Overall, the film is a fun rollercoaster ride. Despite any shortcomings, the film was a standout in my mind as an interesting and visually appealing piece. Waddington drives home strong ideas through the movie in an enjoyable way.
© Carlotta Plys-Garzotto (October 31st, 2019)
Commentary by Review Coach Giorgi Plys-Garzotto
Paradise Hills is kind of like if Girl, Interrupted had a baby with both Alice in Wonderland and The Hunger Games. It is also very gay, which I appreciate. However, it’s gay in a problematic way, as it features the “bury your gays” trope. This is a spoiler for the movie, but I would rather let queer people know about this trope and risk spoiling them than be too cautious and let someone go into the movie unaware. To keep it vague, it’s not exactly the straight-up version of the “bury your gays” trope, but all the parts are still basically there.
As to the rest of the film, the production design makes it a feast for the eyes, and I wouldn’t use such a corny phrase lightly. This movie has everything: giant light-up jellyfish sculptures, a merry-go-round brainwashing machine, and characters serving #looks 24/7. I knew nothing about the movie going in, so when I saw the girl from Unfabulous singing a pop song in some Imperial Russia style ballroom while wearing some kind of birdcage on her head, I was intrigued to say the least. The opening scene’s kaleidoscopic musical number leads into a movie with visuals rivaled only by The Fifth Element in imagination and unabashed creativity.

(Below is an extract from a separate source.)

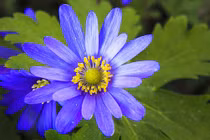 Ai sinh tháng Âm lịch này bề ngoài giản dị, tính cách khiên tốn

Re: what was actually expressed by this movie, I got a vague anti-capitalist message and some unfocused feminism, but much of this film is aesthetics not ideas. We can definitely all agree that girls shouldn’t be forced into marriage to random older men and that it’s not great for there to be an oligarchy, I wasn’t clear on what exactly the film was trying to say otherwise. I got the sense that this film was meant for the crowd that got into feminism around the time when model-level-gorgeous actresses like Emma Roberts started making it fashionable.